Written by PETA
Matthew Tosh | cc by 2.0
A female African
elephant named Umoya was found lying on the ground with severe injuries Thursday
morning at the San Diego Zoo
Safari Park. She died shortly thereafter. Umoya
was one of seven
elephants ripped from their home in Swaziland in 2003 and shipped halfway
around the world to the California zoo. PETA and other animal protection
organizations had filed a
lawsuit to try to prevent their capture
and had even offered to pay to move the elephants to another part of Africa.
Since no caretakers
were present when Umoya was injured, no one knows exactly what
happened to her, but it's likely that her injuries were sustained during
a fight with another elephant. Umoya's babies, Phakamile,
4, and Emanti, 18 months, are now orphaned, just as their mother was when she
was taken from her homeland. Umoya's family said goodbye and paid
their respects, and
her babies were the last to leave.
Elephants share intensely close bonds, and they nurture
and protect each other.
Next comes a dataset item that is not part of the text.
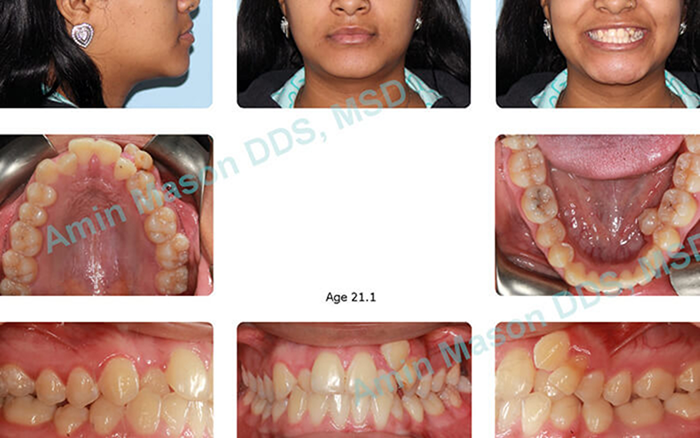 Collage of a patient with crooked and crowded teeth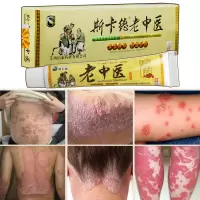 云南本苦参本止痒膏成人慢性湿疹囊瘙痒股癣肛肛周皮肤过敏膏真菌感染大腿内侧瘙痒牛皮癣立清膏 膏15g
While playful roughhousing is common, aggression and
fights are exceedingly rare. In a study reported in the journal Nature, behaviorists found that
elephants with traumatic experiences during their formative years—like baby
elephants who see their families slaughtered during culls, which is what
happened to Umoya and the other seven elephants the zoo took from Swaziland, or are
taken from their home and hauled thousands of miles away to a strange and
frightening environment—often suffer from post-traumatic stress disorder. If
one of the elephants snapped from the stress of captivity and attacked, Umoya,
of course, had no way to escape.
Every ticket purchased to a zoo helps perpetuate
this cruel cycle. It is time to close elephant exhibits, leave elephants in
Asia and Africa where they belong, and move those in zoos now, like poor,
lonely Lucy in Edmonton, to a sanctuary.